In his physical residual functional capacity assessment, consulting physician Laurence Ligon, M.D., found that Palmer's clinical exams were negative for signs of heart failure and found that Palmer could occasionally lift 20 pounds, frequently lift 10 pounds, stand and/or walk for about 6 hours in an 8-hour workday, or sit for about 6 hours in an 8-hour workday. (Tr. 332.) Dr. Ligon therefore concluded that Palmer retained the ability to perform light work. See 20 C.F.R. § 416.967(b) (defining light work as lifting no more than 20 pounds, frequently lifting 10 pounds, and requiring a good deal of walking and standing). The ALJ, in contrast, limited Palmer to sedentary work, which involves lifting no more than 10 pounds at a time, with only occasional walking and standing. (Tr. 28.) See § 416.967(a) (defining sedentary work); see also § 416.967(b) (noting if someone can do light work, he can also do sedentary work unless there are additional limiting factors). The ALJ further limited Palmer to "simple work" in light of his history of attending special education classes, although he noted an absence of evidence of cognitive deficits. (Tr. 28.)

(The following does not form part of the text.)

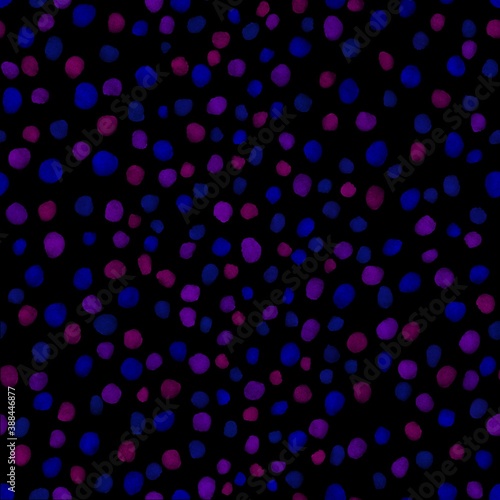 Blue and pink polka dots on a black background. Abstract bright background. Cute illustration for the decor and design of posters, postcards, prints, stickers, invitations, textiles and stationery. © Екатерина Карпущенко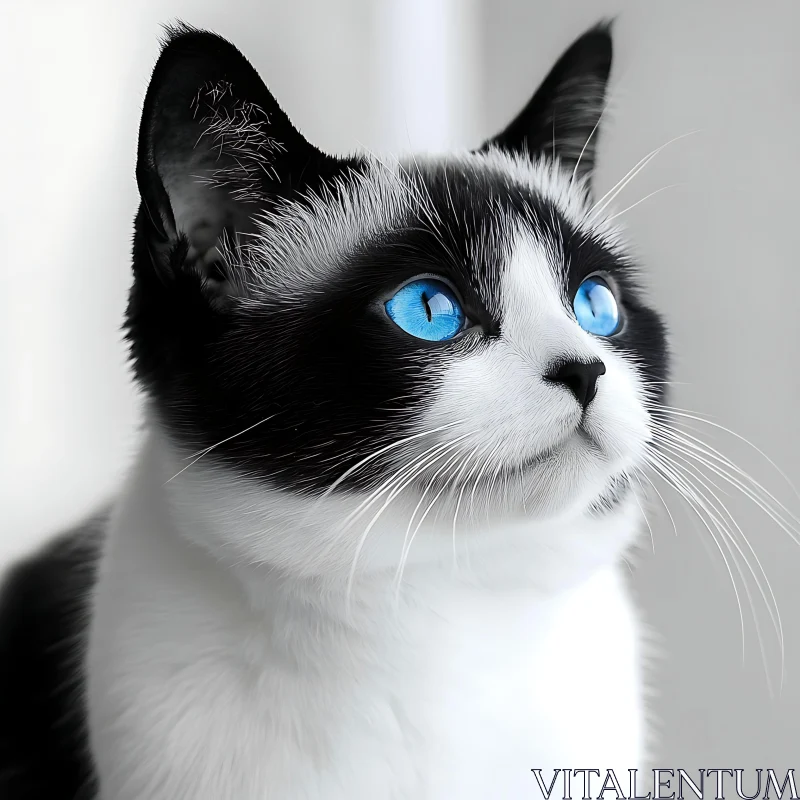 Close-up of Black and White Cat with Blue Eyes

Because the evidence shows that the ALJ fully developed the record and substantial evidence supports his RFC determination, the ALJ acted within his discretion in declining to consult a medical expert and, further, was under no obligation to purchase an ETT. See SSR 96-6p, 1996 WL 374180, at *3-4 (noting an ALJ must obtain an updated medical opinion from a medical expert in certain circumstances when reaching a decision of disability based upon medical equivalence to an impairment in the listings of impairments); see also § 4.00(C)(6)(b) ("We will not purchase an exercise test when we can make our determination or decision based on the evidence we already have."). In sum, the ALJ did not commit reversible error in this case.

V. Recommendation

For the foregoing reasons, the undersigned recommends that the United States District Court affirm the Commissioner's decision and dismiss Palmer's Complaint with prejudice.

VI. Right to Object

A copy of this Report and Recommendation shall be served on all parties in the manner provided by law. Any party who objects to any part of this Report and Recommendation must file specific written objections within fourteen days after being served with a copy. 28 U.S.C. § 636(b)(1) (2014); Fed. R. Civ. P. 72(b). To be specific, an objection must identify the specific finding or recommendation to which the objection is made, state the basis for the objection, and specify the place in the magistrate judge's Report and Recommendation where the disputed determination is found. An objection that merely incorporates by reference or refers to the briefing before the magistrate judge is not specific. Failure to timely file specific written objections will bar the aggrieved party from appealing the factual findings and legal conclusions of the magistrate judge that are accepted or adopted by the district court, except upon grounds of plain error. See Douglass v. United Servs. Auto. Ass'n, 79 F.3d 1415, 1417 (5th Cir. 1996).

FootNotes


1. Hypertrophic cardiomyopathy is defined as thickening of the ventricular septum and walls of the left ventricle with marked myofibril disarray; often associated with greater thickening of the septum than of the free wall resulting in narrowing of the left ventricular outflow tract and dynamic outflow gradient. Stedman's Medical Dictionary 313 (28th ed. 2006).